A experiência da Novus, fabricante de equipamentos eletrônicos para automação industrial, exemplifica esse contexto. A empresa está há dois anos sem captar dívidas e postergou investimentos em sua planta de Canoas (RS). De acordo com o CEO Marcos Dillenburg, com taxas acima de 15% ao ano, não é viável assumir financiamentos de longo prazo. A retração atinge também seus clientes, que têm adiado projetos de expansão, o que afeta diretamente a demanda por equipamentos.
Dados do Iedi revelam que a produção da indústria de transformação cresceu apenas 2,5% no primeiro trimestre de 2025, abaixo dos 4,5% registrados no trimestre anterior. A queda foi ainda mais acentuada nos setores de alta intensidade tecnológica, cuja expansão caiu de 15% no quarto trimestre de 2024 para 1,9% nos três primeiros meses de 2025.
Os segmentos de máquinas e equipamentos e eletroeletrônicos foram os mais afetados.
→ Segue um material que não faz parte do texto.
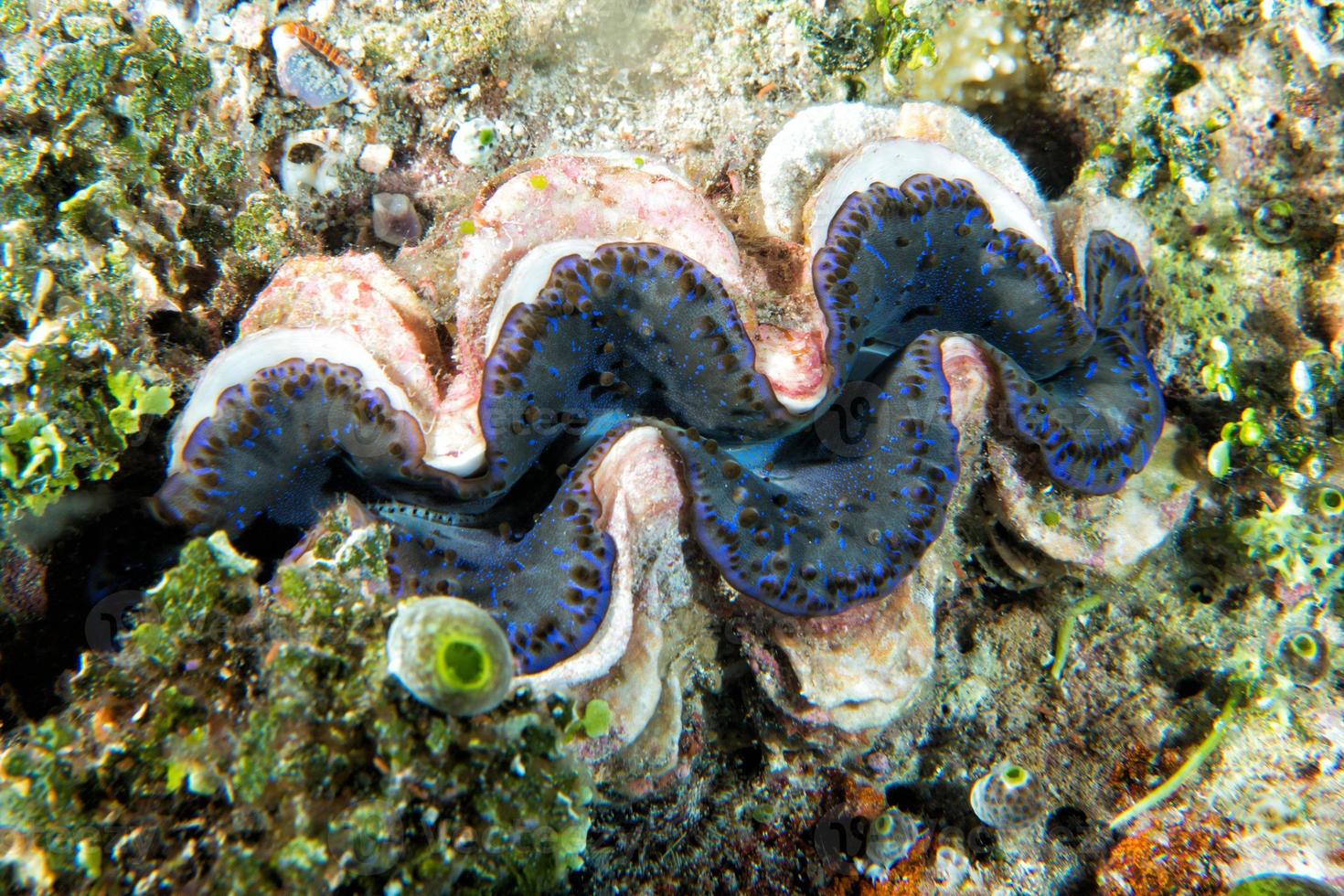 blauw kleur reusachtig tridacna clam onderwater- foto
José Velloso, da Abimaq, relembra que, em 2021, quando os juros estavam em 2% ao ano, o setor cresceu 28%. Desde então, a escalada da taxa básica de juros tem provocado uma retração persistente. Humberto Barbato, da Abinee, destaca que o setor eletroeletrônico reduziu sua projeção de crescimento de 5% para algo entre 3% e 4%, pressionado pela alta do dólar e pela dependência de insumos importados.
A volatilidade cambial também afeta o planejamento industrial, ao dificultar a previsibilidade dos custos em reais para importações e exportações. A guerra comercial global agrava o quadro: com os EUA restringindo importações da China, cresce o temor de uma invasão de produtos chineses no mercado brasileiro. Em 2024, as importações de máquinas da China aumentaram 36%, segundo a Abimaq.
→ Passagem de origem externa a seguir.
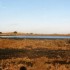 C COMME CAMARGUE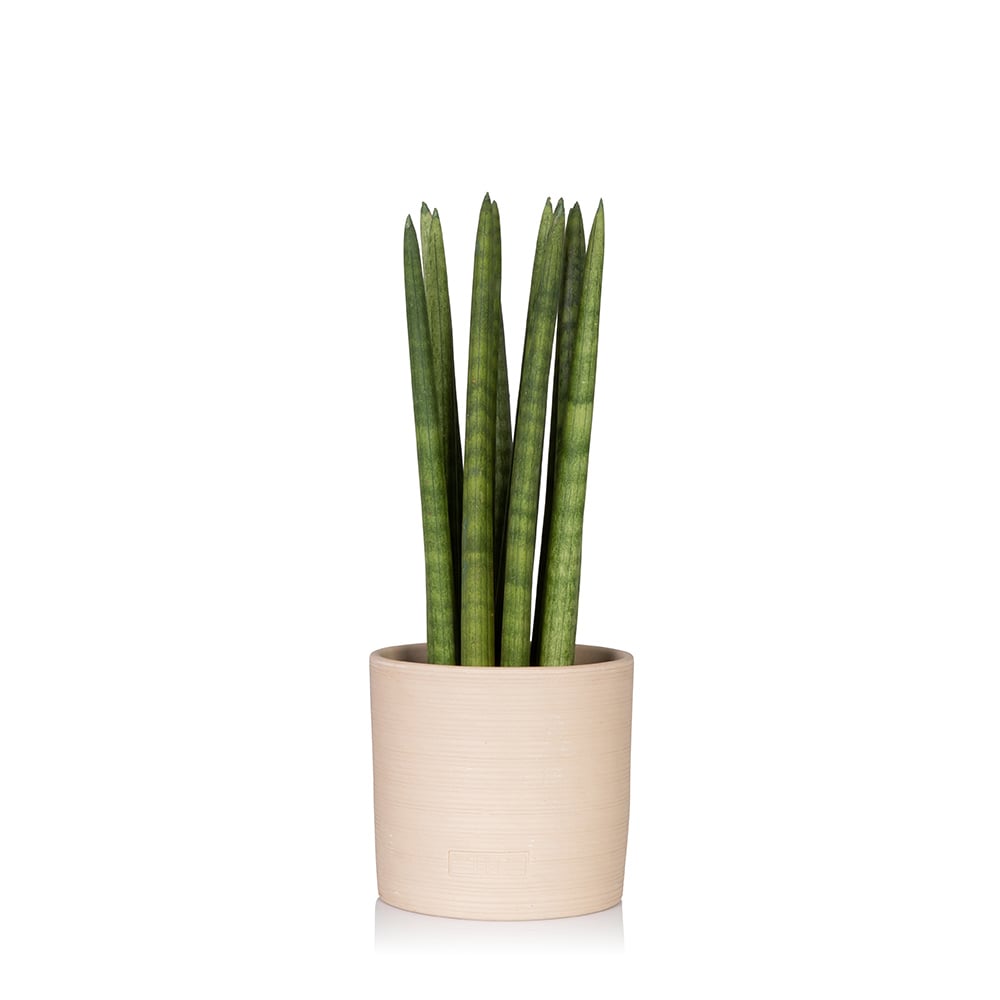 Sansevieria Cylindrica (Spiky)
Para a Novus, a alta dos juros tem impacto ainda maior do que o câmbio. Isso porque 50% da receita da empresa vem de exportações para 65 países. Embora 90% dos insumos sejam importados, a receita em dólar ajuda a compensar as oscilações cambiais. Além disso, distribuidores nos EUA sinalizam aumento na demanda, o que pode representar uma oportunidade estratégica diante do bloqueio comercial entre China e EUA — ainda que, segundo Dillenburg, seja cedo para prever se esse movimento será duradouro.
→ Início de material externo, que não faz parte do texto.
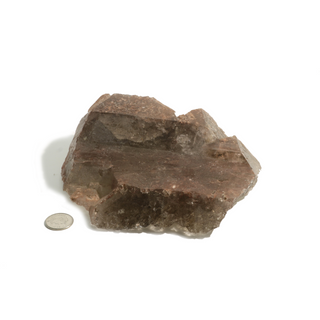 Smoky Quartz Elestial #6 - 4 1/2 to 6" from The Rock Space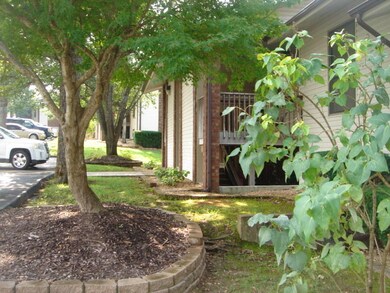 GREAT LANDSCAPING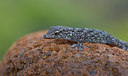 BUITEN BEELD Foto: 283345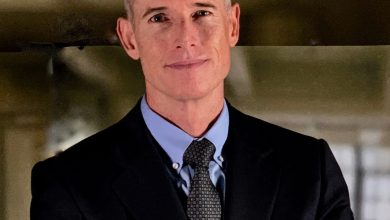 Leah Foley U.S. Attorney Wikipedia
Em contraste, setores de média-baixa intensidade tecnológica, como alimentos e bebidas, continuam apresentando bom desempenho. A Abia projeta investimentos de R$ 120 bilhões até 2026. A Nestlé, por exemplo, elevou seu plano de investimento no Brasil para R$ 7,5 bilhões, com foco na linha de cafés até 2028. Mesmo com os juros elevados, a demanda interna aquecida e o crescimento da renda sustentam os planos, afirma João Dornellas, presidente da Abia.
Contudo, o Iedi alerta para a falta de coordenação da política econômica, que gera distorções entre os incentivos ao consumo e a política monetária restritiva. Para o economista Jonathas Goulart, da Firjan, o descompasso entre as ações do governo e do Banco Central cria um ambiente que encarece os investimentos e limita o crescimento da indústria.